[ASSIGNMENT] Begin with the first line of the entries below and reproduce each line exactly, ending with the line that holds "Parcela st. 36/16".
═════ LISTED ENTRIES ═════
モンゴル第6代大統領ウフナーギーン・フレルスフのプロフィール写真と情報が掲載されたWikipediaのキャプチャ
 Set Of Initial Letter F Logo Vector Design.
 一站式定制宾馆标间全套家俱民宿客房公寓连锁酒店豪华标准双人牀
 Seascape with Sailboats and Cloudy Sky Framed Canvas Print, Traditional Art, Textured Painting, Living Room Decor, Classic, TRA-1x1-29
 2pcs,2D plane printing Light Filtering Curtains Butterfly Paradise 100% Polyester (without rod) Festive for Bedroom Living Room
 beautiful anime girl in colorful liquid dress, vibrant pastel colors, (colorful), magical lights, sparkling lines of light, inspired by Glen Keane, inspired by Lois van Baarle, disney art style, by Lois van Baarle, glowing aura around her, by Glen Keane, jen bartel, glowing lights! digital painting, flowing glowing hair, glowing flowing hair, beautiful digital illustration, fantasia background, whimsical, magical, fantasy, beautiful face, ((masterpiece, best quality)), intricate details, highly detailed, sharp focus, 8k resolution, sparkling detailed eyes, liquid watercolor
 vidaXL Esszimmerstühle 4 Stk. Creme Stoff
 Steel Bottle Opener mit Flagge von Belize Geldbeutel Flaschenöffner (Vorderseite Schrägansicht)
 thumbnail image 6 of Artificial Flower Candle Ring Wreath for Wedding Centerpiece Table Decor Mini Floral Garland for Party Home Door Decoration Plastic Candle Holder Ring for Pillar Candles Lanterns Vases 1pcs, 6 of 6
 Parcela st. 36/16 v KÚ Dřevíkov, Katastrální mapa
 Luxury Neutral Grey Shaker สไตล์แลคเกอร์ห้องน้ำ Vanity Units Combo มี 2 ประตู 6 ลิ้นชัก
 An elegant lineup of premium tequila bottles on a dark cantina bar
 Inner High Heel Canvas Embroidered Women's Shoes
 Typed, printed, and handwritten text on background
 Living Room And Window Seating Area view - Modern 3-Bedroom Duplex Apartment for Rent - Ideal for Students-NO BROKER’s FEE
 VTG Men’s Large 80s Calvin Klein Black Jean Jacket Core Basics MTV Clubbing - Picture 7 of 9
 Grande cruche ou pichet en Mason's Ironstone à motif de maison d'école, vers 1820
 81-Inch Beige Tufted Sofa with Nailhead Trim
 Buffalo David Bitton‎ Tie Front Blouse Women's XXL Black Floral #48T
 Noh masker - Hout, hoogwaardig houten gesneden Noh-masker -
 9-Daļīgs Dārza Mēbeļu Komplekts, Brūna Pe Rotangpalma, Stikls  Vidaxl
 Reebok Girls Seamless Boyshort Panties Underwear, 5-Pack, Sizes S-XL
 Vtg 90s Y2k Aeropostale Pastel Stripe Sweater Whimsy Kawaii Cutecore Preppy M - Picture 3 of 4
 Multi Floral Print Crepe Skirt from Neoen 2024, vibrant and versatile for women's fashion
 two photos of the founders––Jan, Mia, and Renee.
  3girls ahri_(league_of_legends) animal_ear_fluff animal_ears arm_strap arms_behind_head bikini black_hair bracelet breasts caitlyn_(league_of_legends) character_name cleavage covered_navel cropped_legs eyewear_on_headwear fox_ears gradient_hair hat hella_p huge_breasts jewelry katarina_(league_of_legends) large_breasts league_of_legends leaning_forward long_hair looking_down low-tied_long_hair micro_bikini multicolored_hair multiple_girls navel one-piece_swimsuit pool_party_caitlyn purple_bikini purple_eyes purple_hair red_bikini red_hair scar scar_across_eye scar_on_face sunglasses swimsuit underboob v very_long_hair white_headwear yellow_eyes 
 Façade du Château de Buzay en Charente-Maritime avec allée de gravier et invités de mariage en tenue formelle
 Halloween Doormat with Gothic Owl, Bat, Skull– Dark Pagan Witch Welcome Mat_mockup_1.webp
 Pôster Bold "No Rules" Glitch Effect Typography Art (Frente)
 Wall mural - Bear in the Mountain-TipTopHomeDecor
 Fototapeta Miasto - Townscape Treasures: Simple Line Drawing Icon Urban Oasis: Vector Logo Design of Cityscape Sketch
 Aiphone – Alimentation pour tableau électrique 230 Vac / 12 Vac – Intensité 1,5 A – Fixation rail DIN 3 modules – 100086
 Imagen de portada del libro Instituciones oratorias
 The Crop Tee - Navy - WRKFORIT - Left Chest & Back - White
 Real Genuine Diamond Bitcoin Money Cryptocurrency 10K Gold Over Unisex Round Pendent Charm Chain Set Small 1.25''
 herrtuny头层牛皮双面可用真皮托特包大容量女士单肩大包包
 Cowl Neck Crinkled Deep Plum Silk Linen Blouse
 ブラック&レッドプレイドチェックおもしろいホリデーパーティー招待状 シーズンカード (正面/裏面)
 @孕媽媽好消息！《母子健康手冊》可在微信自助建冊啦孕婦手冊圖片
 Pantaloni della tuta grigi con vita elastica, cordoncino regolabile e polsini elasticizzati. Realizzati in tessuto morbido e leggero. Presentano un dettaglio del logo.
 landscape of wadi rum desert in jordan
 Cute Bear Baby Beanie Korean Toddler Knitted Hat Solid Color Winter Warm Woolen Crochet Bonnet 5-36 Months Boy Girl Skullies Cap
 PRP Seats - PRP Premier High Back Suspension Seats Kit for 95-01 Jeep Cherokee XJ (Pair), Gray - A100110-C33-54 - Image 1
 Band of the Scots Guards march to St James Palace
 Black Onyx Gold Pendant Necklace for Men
═════
[YOUR RESPONSE]
モンゴル第6代大統領ウフナーギーン・フレルスフのプロフィール写真と情報が掲載されたWikipediaのキャプチャ
 Set Of Initial Letter F Logo Vector Design.
 一站式定制宾馆标间全套家俱民宿客房公寓连锁酒店豪华标准双人牀
 Seascape with Sailboats and Cloudy Sky Framed Canvas Print, Traditional Art, Textured Painting, Living Room Decor, Classic, TRA-1x1-29
 2pcs,2D plane printing Light Filtering Curtains Butterfly Paradise 100% Polyester (without rod) Festive for Bedroom Living Room
 beautiful anime girl in colorful liquid dress, vibrant pastel colors, (colorful), magical lights, sparkling lines of light, inspired by Glen Keane, inspired by Lois van Baarle, disney art style, by Lois van Baarle, glowing aura around her, by Glen Keane, jen bartel, glowing lights! digital painting, flowing glowing hair, glowing flowing hair, beautiful digital illustration, fantasia background, whimsical, magical, fantasy, beautiful face, ((masterpiece, best quality)), intricate details, highly detailed, sharp focus, 8k resolution, sparkling detailed eyes, liquid watercolor
 vidaXL Esszimmerstühle 4 Stk. Creme Stoff
 Steel Bottle Opener mit Flagge von Belize Geldbeutel Flaschenöffner (Vorderseite Schrägansicht)
 thumbnail image 6 of Artificial Flower Candle Ring Wreath for Wedding Centerpiece Table Decor Mini Floral Garland for Party Home Door Decoration Plastic Candle Holder Ring for Pillar Candles Lanterns Vases 1pcs, 6 of 6
 Parcela st. 36/16 v KÚ Dřevíkov, Katastrální mapa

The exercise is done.